一部始終を見て感じた。僕も似たような経験を何度もしている。結果として言えるのは、短い間だがA監督と出会ったことで俳優になる夢も果たした。そのあと彼女は「芝居」より「恋」を選んだ。「仕事」を失うより「彼」を失いたくなかった。

だから、A監督に期待を裏切ってしまった。「仕事」より「恋」を選んだという意味でもある。両方は選べない。結婚しても女優を続ける人はいるが、その場合は「結婚」の優先順位は2番だったりする。そうでないと生きていけない業界。しかし、その世界で生きることが全てではない。B子は幸せになれたのだと思う...。

なのに、後輩の友達たちは「女優としてがんばれ!」という。仕事より恋が大切となった子に芝居でもう一度がんばれ!という。コメントを書き込む。
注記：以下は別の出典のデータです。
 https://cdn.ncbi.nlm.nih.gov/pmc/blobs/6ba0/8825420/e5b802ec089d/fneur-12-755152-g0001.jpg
そのくせに、プロに徹した後輩監督を批判する。その辺が一般の人には理解できない部分なのだろう。

クドいようだが解説すると、A監督の思いを例えると、巨大タンカーの船長。B子が機関室長。なのに、彼女は仕事を放棄。船が座礁しかけた。だから解雇した。対して友人の発想はこう。サークル活動に参加したとき、B子という可愛い子がいた。好感を持った。それを些細な失敗で、A監督が解雇した。許せない!もう1度チャンスを上げろよ!

同じ事実がそれぞれに、そんなふうに見えているはず。だが、映画撮影はサークル活動ではない。まさに巨大タンカーで航海するようなもの。でも、一般の人には分からないだろう。そんふうに映画の仕事はなかなか理解されないものなのだ。